French writer Jean Cocteau said that of all the world’s continents, the Mediterranean is the only one that is liquid. The sea, known by the Romans as Mare Nostrum, or “our sea,” has for centuries been a cosmopolitan melting pot, where ideas and cultures were unloaded with the goods shipped from port to port. Knitted together by trade links and riven by war, inhabitants of the Mediterranean’s great cities looked inward to each other, in a realm long thought to make up the entire civilized world. 

The idea of the Mediterranean’s shared culture underlies Canadian author Nicholas Woodsworth’s enjoyable travelogue from around the sea. “For centuries its inhabitants have shared the same rocky coasts, adapted in the same ways to the same climate, lived in the same kind of houses, practiced the same occupations, eaten the same foods,” he writes. “But it wasn’t that simple. This was also a sea that had spawned three of the world’s major religions, several of its greatest empires and many of its bloodiest and most intractable disputes.”

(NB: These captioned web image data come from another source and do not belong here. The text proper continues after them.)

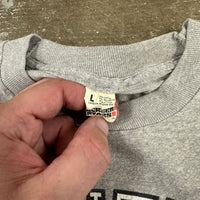 1980’s Institute for the Sexually Gifted T-Shirt Medium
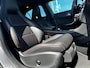 Mercedes-Benz GLA 250 4Matic AMG AUT LEER PANO CAMERA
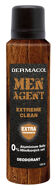 Dermacol Men Agent Cosmetic 150ml 
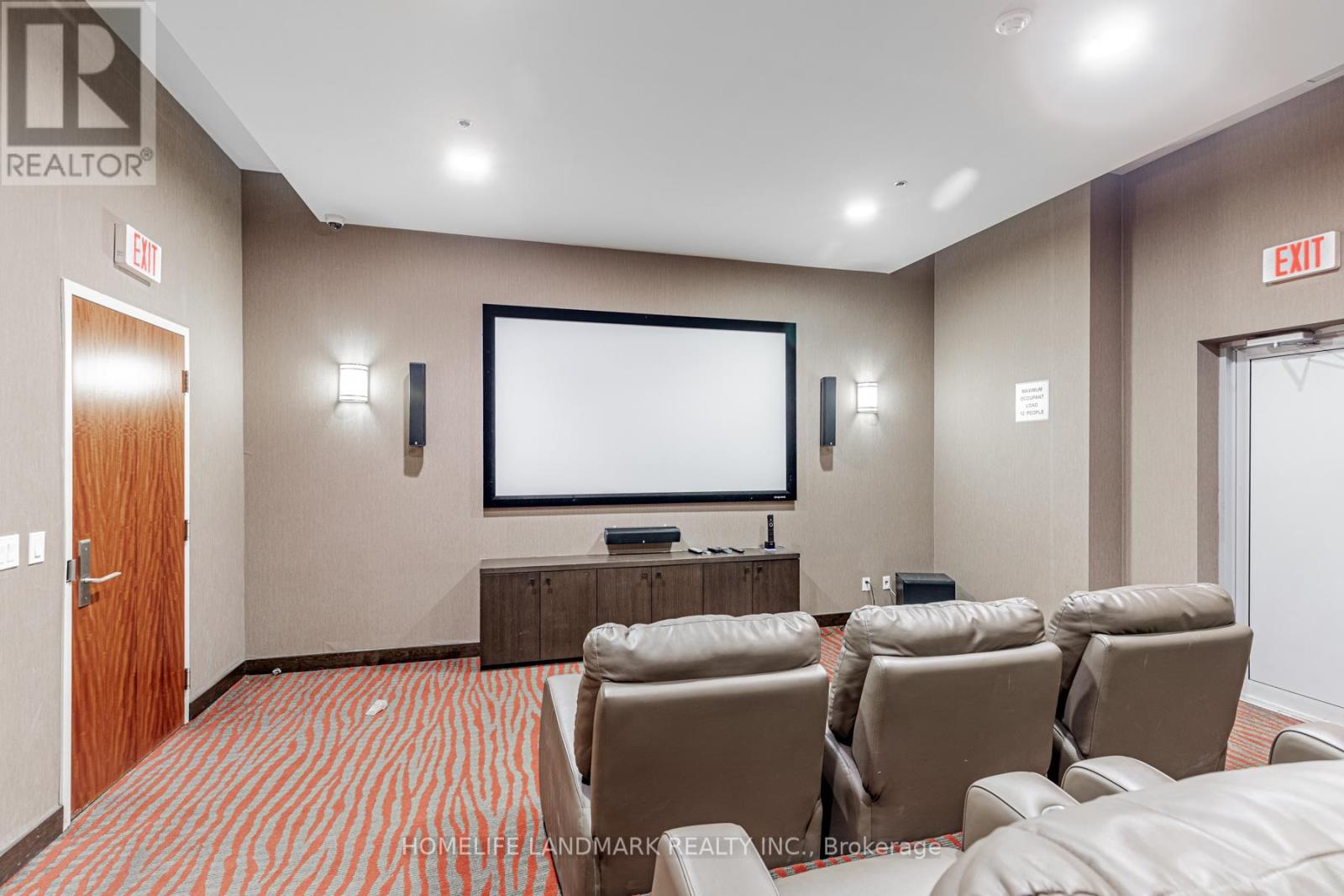 1709 - 60 Town Centre Court, Toronto, Ontario  M1P 0B1 - Photo 20 - E12533384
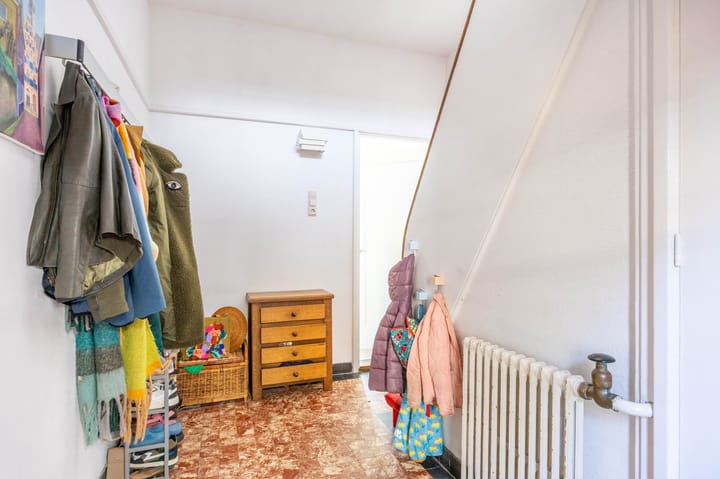 Foto 13 van Jan Dirksstraat 4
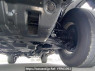 Used 2015 AT toyota land-cruiser-prado GDJ150W Image[34]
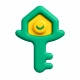 الحياة للإيجار icon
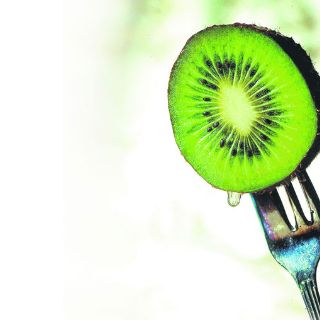 Ve al supermercado y dile adiós a las fajas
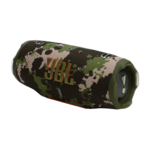 JBL Charge 6 Højttaler Grøn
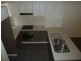 147 Fryar Road & 154 River Hills Rd,, Eagleby QLD 4207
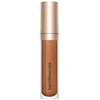 Image de bareMinerals - Mineralist Baume Brillant à Lèvres Gloss 4 ml Marron clair unisex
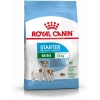Royal Canin Mini Starter Mother & Babydog 1kg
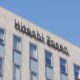 Hitachi Zosen Corporation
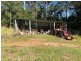 Lansdowne NSW 2430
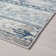 Deundre Indoor Rug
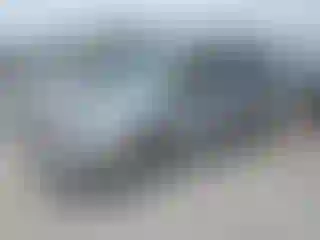 Vehicle Image- 2020 Chrysler Pacifica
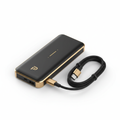 20,000mAh Portable Power Bank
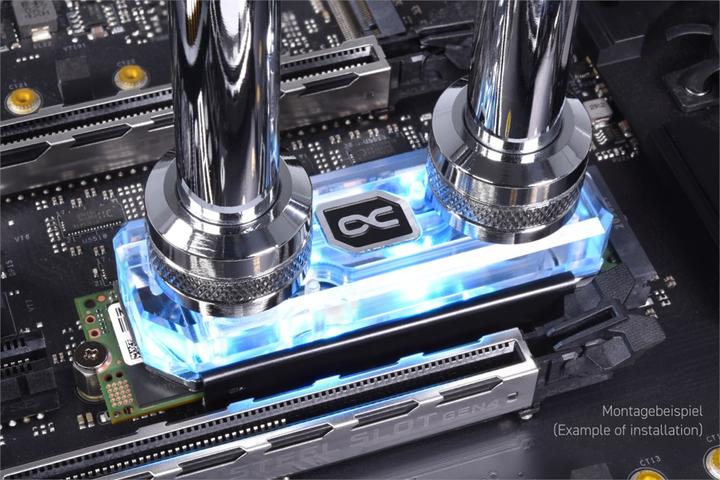 Actual product image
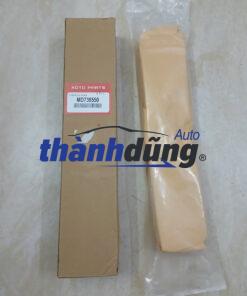 XÍCH HỘP SỐ PHỤ MITSUBISHI TRITON 1999-2006 | MD738550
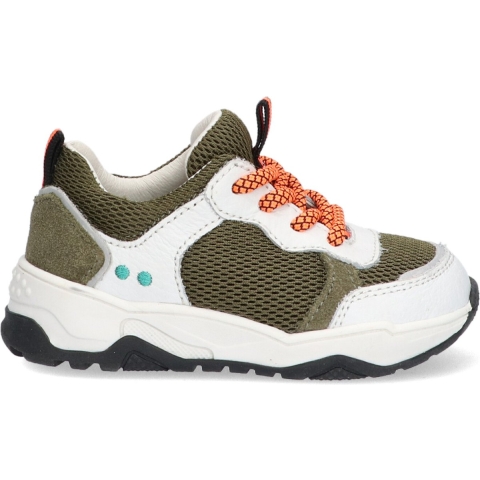 Bunnies 222370 Sneakers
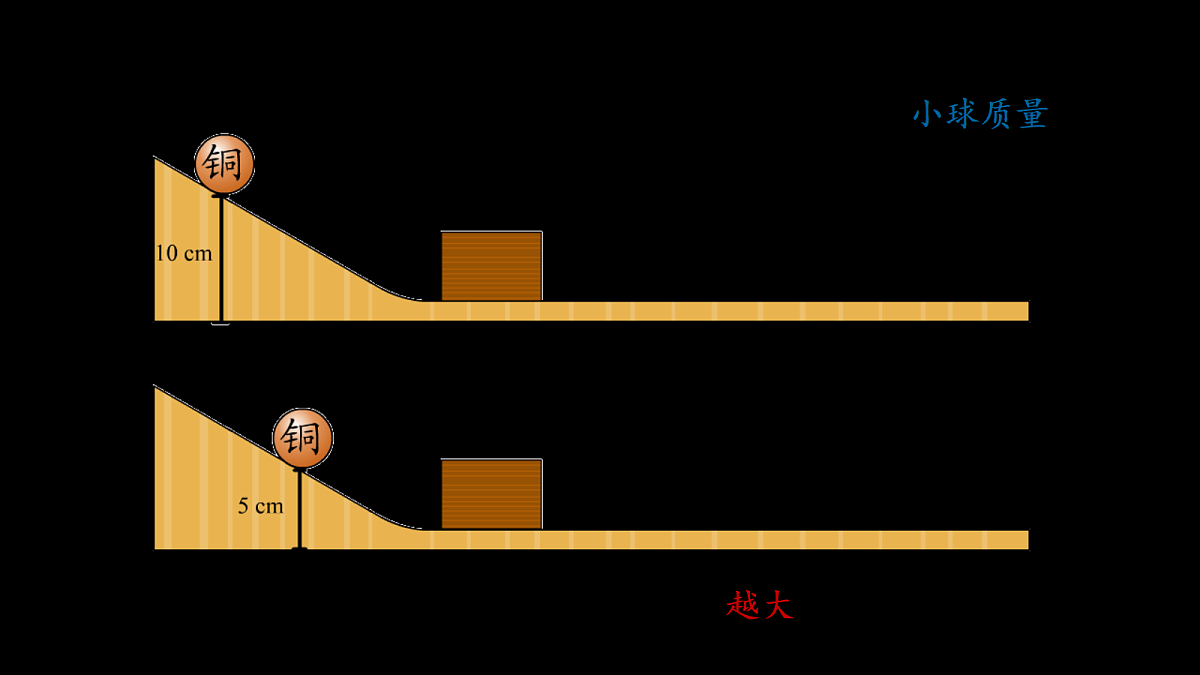 18458247第6页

The volume describes Woodsworth’s peregrinations through Alexandria, Venice, and Istanbul. It isn’t terribly original, but Woodsworth - who for 13 years was a staff travel writer for the FT Weekend - is a good, if not thrilling, writer. “There is an intimacy, a garrulous warmth and near-tribal sociability that … is shared by all others on this sea,” he observes at one point. “It is not African, nor European, nor Middle Eastern, either. But it is identifiable. It is Mediterranean.” 

The book is well-paced and Woodsworth doesn’t linger on anything longer than necessary. His first stop is Alexandria, where he is struck by the jolting contrast between a glorious cosmopolitan history and a modern urban hellscape. The hordes of tourists make Venice little better. But Woodsworth also drops in at other spots along the way; one memorable section describes a brief, chaotic stay in the “appalling mess” that is Albania.

Istanbul, of course - sandwiched between the Marmara Sea and the Black Sea - is not actually on the Mediterranean. The author gets around this by saying (justifiably) that the city has always been central to the “Mediterranean world.” It’s difficult for an outsider to write about Istanbul without resorting to cliché, and Woodsworth occasionally succumbs to “East/West/cultural melting pot” bromides. But I’ve read far worse. Obsessing throughout the book on history, rather than modern political struggles, he senses that today’s Istanbul “does not belong to the past alone”:

It was too vibrant a city, too full of energy and dynamic possibility. It changed before and it would change again. But it was hard to see which way it was going. There were plenty of signposts indicating the way to Istanbul’s future; the problem was that they were pointing in every possible direction.

Towards the end of his journey, Woodsworth explains how the Mediterranean has always been a crucible of globalization. But the cosmopolitanism upon which places like Alexandria thrived for generations was battered by the 20th century. “Borders were closed, barriers to trade and movement thrown up, and the free exchange on which cosmopolitanism thrived vanished,” we’re told. Today, as a graveyard for waves of desperate migrants charting a deadly course to Europe, the modern Mediterranean signifies a darker side of globalization.